Two life history interviews conducted by Chris Petersen.

December 22, 2014


“A Mother's Story/Building Powell's Books”  December 22, 2014  Location: Valley Library, Oregon State University.  Watch Video | Download Transcript (PDF)

In interview 1, Henley provides a detailed discussion of his parents' lives. He begins by describing his mother's upbringing in Washington state and her early interest in writing. He then relays his father's life history, with emphasis placed on his exploits as a spy during World War II.

Henley then returns to his mother's professional work, her association with members of the American Communist Party, and her commitment to the Oregon State Penitentiary for the Criminally Insane. Follow-up questions delve more deeply into the literary scene in New York during Elizabeth Henley's years of residence; an overview of the lives led by Elizabeth's siblings; and the communist milieu in which Elizabeth circulated during her time in Seattle. Henley likewise speaks, in-depth, on the environment that his mother faced during her years of incarceration and the impact that it made upon her following her release.

From there, Henley details his own roots in the book trade. He then describes the means by which his mother was released from the Oregon State Penitentiary, outlines the role that Mark Hatfield played in bringing this about, and shares his own personal memories of Hatfield. Henley also remarks on his mother's associations with Oregon poets Williams Stafford and Vi Gale, and touches upon her contacts with Bernard Malamud.

Next, Henley reflects on his mother's experiences as a faculty member at Oregon State, noting her strong facility for teaching, describing her creative process, and sharing his memories of her contacts with other faculty members and numerous members of the Oregon literary scene. In addition, Henley reflects on the culture of Corvallis during the 1960s and 1970s.

The remainder of the interview is devoted to Henley's years as a manager at Powell's Books. In this, he provides an overview of the biography of Walter Powell, describes the means by which he came to be employed by Powell, and traces the expansion of the store throughout the 1970s and 1980s.

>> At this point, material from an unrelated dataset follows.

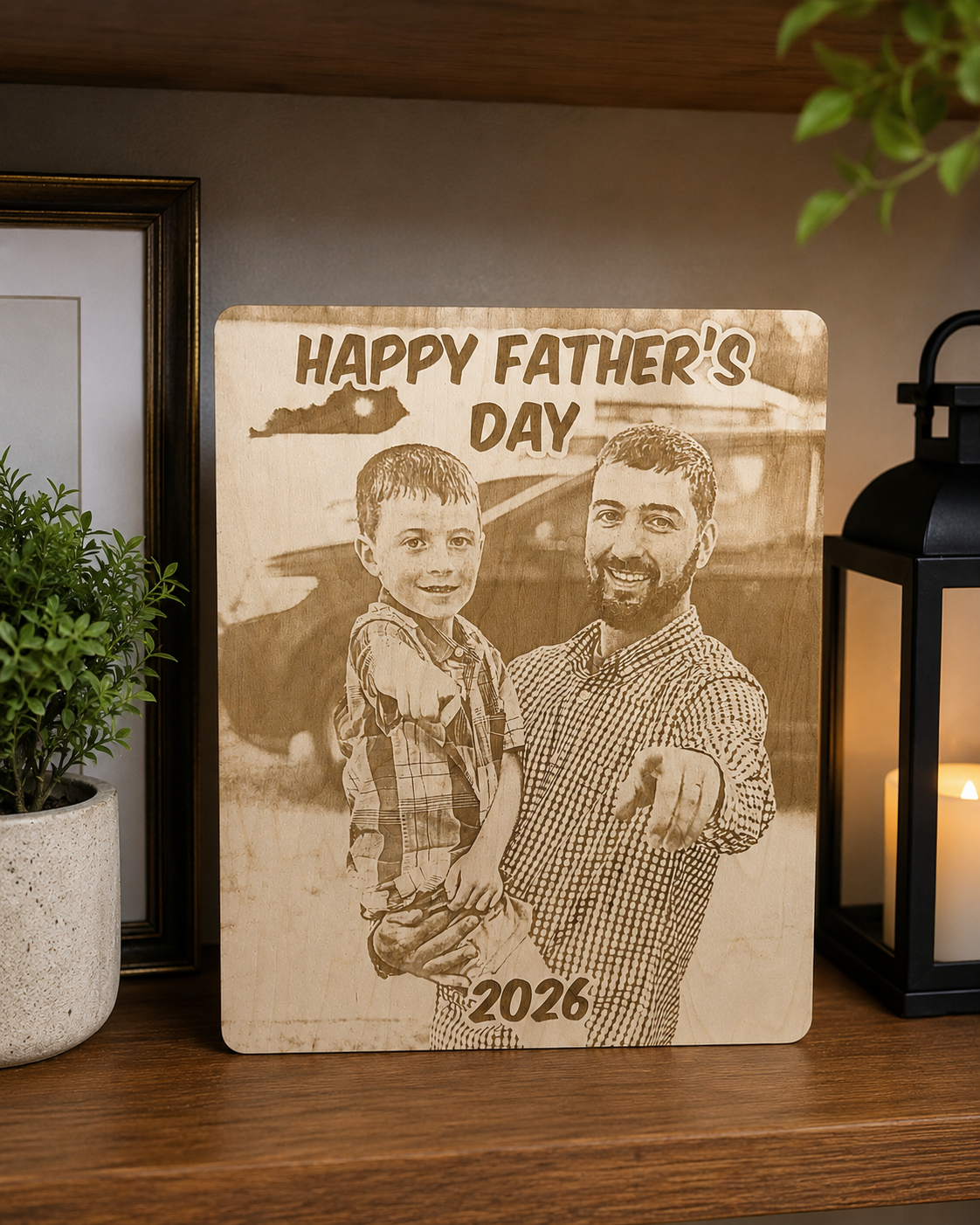 Father's Day Wooden Photo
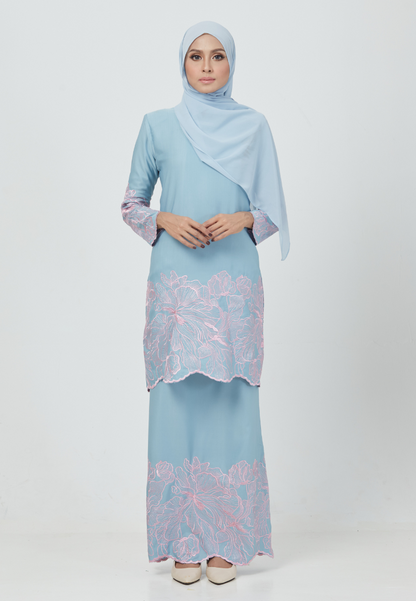 Rosey Kurung | Baby Blue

“Days and Nights in Downtown Portland”  December 22, 2014  Location: Valley Library, Oregon State University.  Watch Video | Download Transcript (PDF)

Interview 2 is primarily devoted to a collection of stories mined from Henley's life as a book scout and retail bookseller in downtown Portland. These stories include recollections of a very valuable two-volume set of Das Kapital that had been inscribed by Vladimir Lenin, as well as Henley's interactions with Shakespeare Folios and rare editions of Erasmus' Utopia. Henley also shares humorous stories of interacting with customers at Powell's Books and Great Northwest bookstore, and comments on the ways in which Powell's Books has been perceived by the book-selling community in Portland.

Henley then details his experience of stumbling upon a Soviet spy house that he visited on a book appraising assignment, and likewise shares his memories of moving an entire bookstore from Cleveland, Ohio to Portland. From there, he describes the evening that he spent running the light show at a Led Zeppelin concert; notes a chance encounter that he had with Robert F. Kennedy; and outlines the history of an important early science fiction convention that was held in Oregon in the early 1950s.

As the interview nears its end, Henley comments on his interactions with writers Ursula LeGuin and Robert Sheckley, and sculptor Tom Hardy. The session concludes with notes on family, with particular emphasis placed on Henley's autistic son, Sean, and the family's heavy involvement in autism research and advocacy in Oregon.